» About this task
From the line containing "Audi Q5 50 TFSIe" through the last line of the entries below, transcribe each line exactly, excluding any picture.

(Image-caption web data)
»»
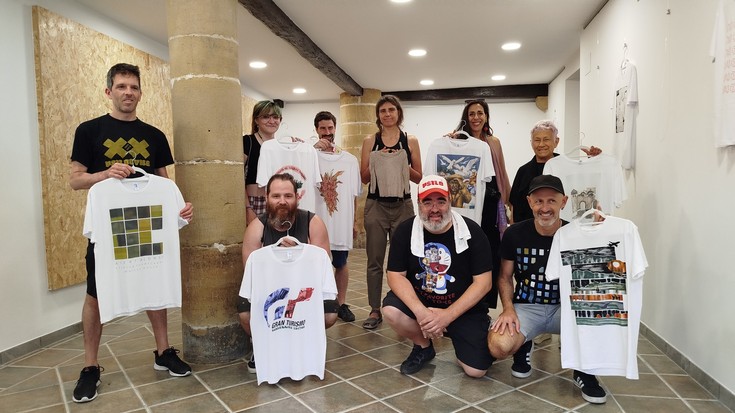 Kamiseta oroigarrietan islatu dituzte herriko artistek turismoaren argi-itzalak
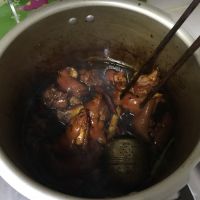五香卤猪蹄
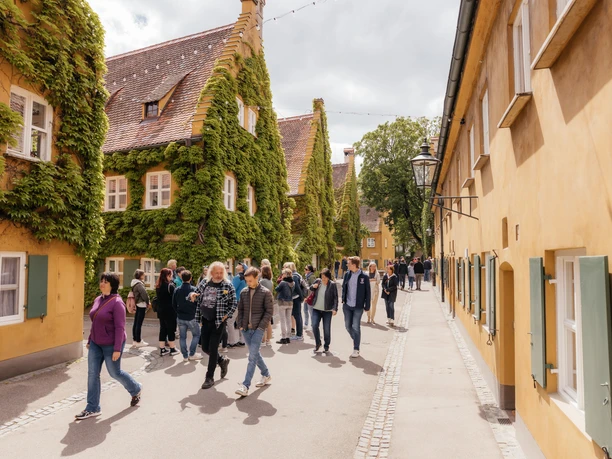 Besucher in der Fuggerei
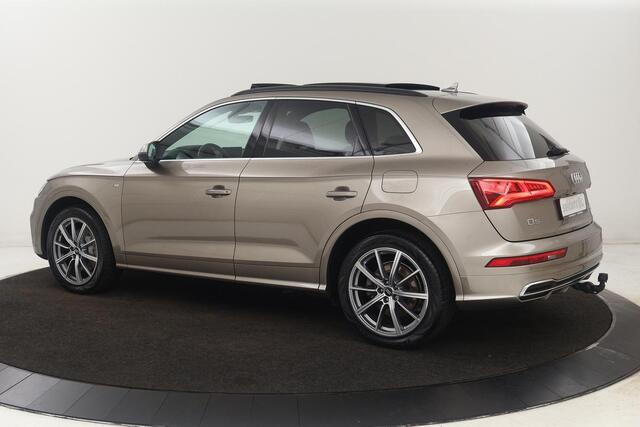 Audi Q5 50 TFSIe quattro S edition | Panoramadak | Trekhaak | Adaptive cruise | Massage | Luchtvering | Camera | Stoelverwarming | Carplay | Half leder | Virtual Cockpit | Audi Exclusive Lak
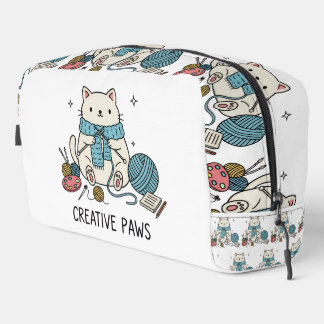 Trousse De Toilette Artistic White Kitten Knitting Accessories Design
««
» Solution
 Audi Q5 50 TFSIe quattro S edition | Panoramadak | Trekhaak | Adaptive cruise | Massage | Luchtvering | Camera | Stoelverwarming | Carplay | Half leder | Virtual Cockpit | Audi Exclusive Lak
 Trousse De Toilette Artistic White Kitten Knitting Accessories Design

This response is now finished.